REQUIRED WORK: The result should be an exact copy of only the lines from the one with "The Articles of" through the last line of the data below, with pictures omitted.

________

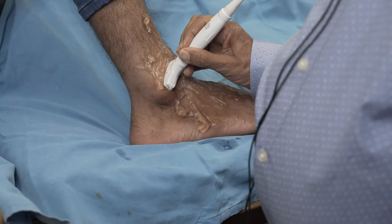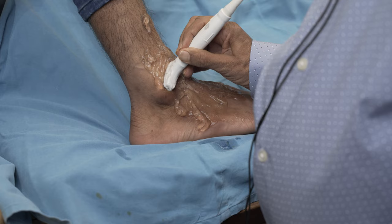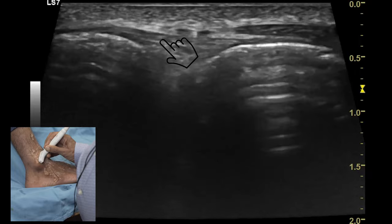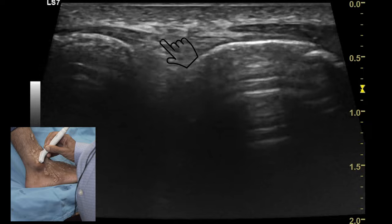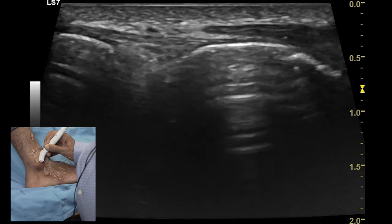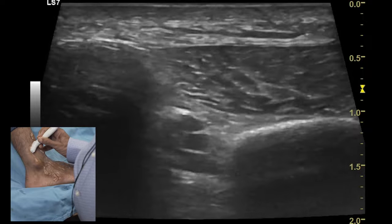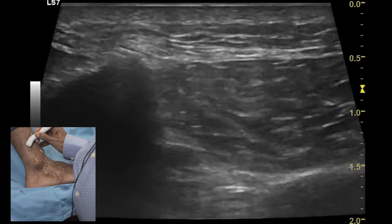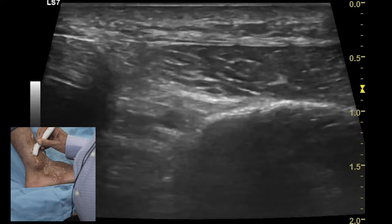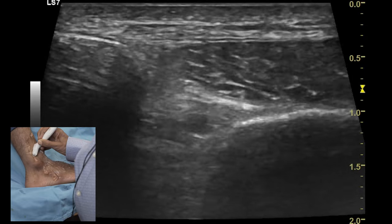The anteroinferior tibiofibular ligament can be examined by connecting the lateral malleolus on the lateral aspect and the tibia on the medial aspect. This ligament appears as a bright echogenic structure with compact fibers connecting bone to bone. The neurovascular structures can be seen superior to this ligament. Once this ligament is identified, one can move the transducer more superficially to have a look at the interosseous membrane connecting the tibia with the fibula. In high ankle injuries, along with the anteroinferior tibiofibular ligament, the interosseous membrane is also injured.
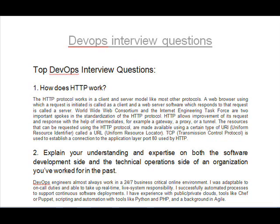Question 2: Explain your understanding and expertise on both the software development side and the technical operations side of an organization you've worked for in the past. DevOps engineers almost always work in a 24/7 business critical online environment. I was adaptable to on-call duties and able to take up real-time, live system responsibility. I successfully automated processes to support continuous software deployments. I have experience with public and private clouds, tools like Chef or Puppet, scripting and automation with tools like Python and PHP, and a background in Agile.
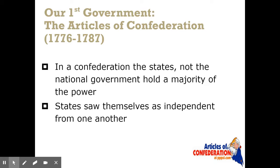The Articles of Confederation is a confederation style government. If you remember from the beginning of the year, that's a type of government in which the national government has little power and the states have almost all of the power. The states kind of view themselves as independent from one another and will come together to discuss key issues that impact all of them. It's no surprise that the first system of government has a weak national government and strong state governments, because we had just been through the opposite situation with England, where we thought there was an abusive national government.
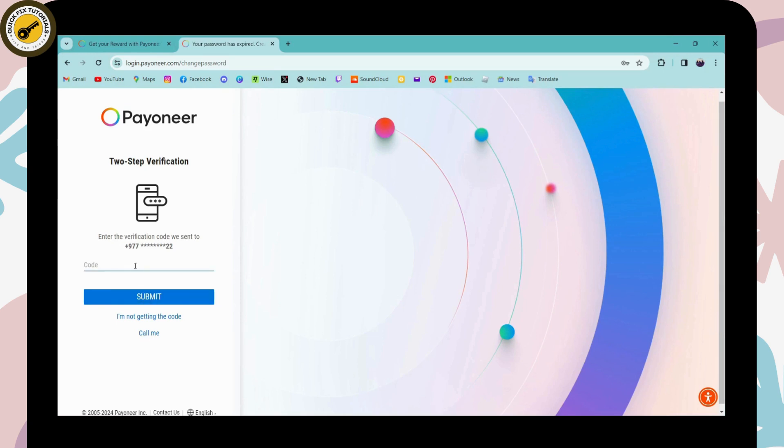So after entering the code, you can click on submit and you'll be logged into your Payoneer account. So that's it. That's how you log into your Payoneer account. And if you have any questions, feel free to comment below. Thanks for watching.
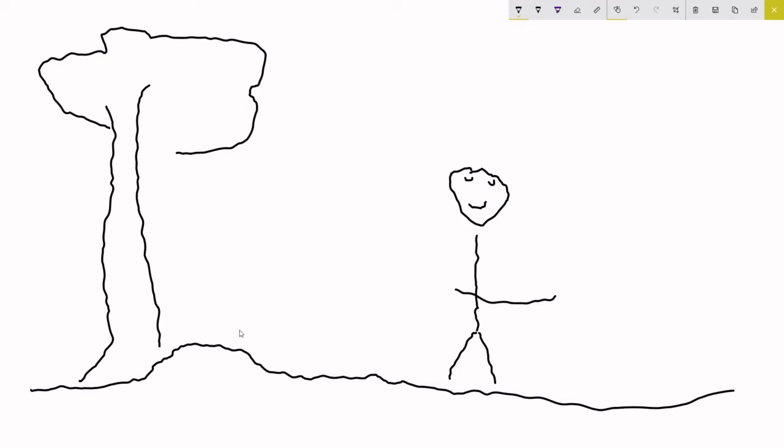And along came a squirrel that looked like so. And the squirrel said, what are you doing? And I said, looking up at the sky. And then I looked down at the squirrel.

________

TASK RESPONSE:
The Articles of Confederation is a confederation style government. If you remember from the beginning of the year, that's a type of government in which the national government has little power and the states have almost all of the power. The states kind of view themselves as independent from one another and will come together to discuss key issues that impact all of them. It's no surprise that the first system of government has a weak national government and strong state governments, because we had just been through the opposite situation with England, where we thought there was an abusive national government.
So after entering the code, you can click on submit and you'll be logged into your Payoneer account. So that's it. That's how you log into your Payoneer account. And if you have any questions, feel free to comment below. Thanks for watching.
And along came a squirrel that looked like so. And the squirrel said, what are you doing? And I said, looking up at the sky. And then I looked down at the squirrel.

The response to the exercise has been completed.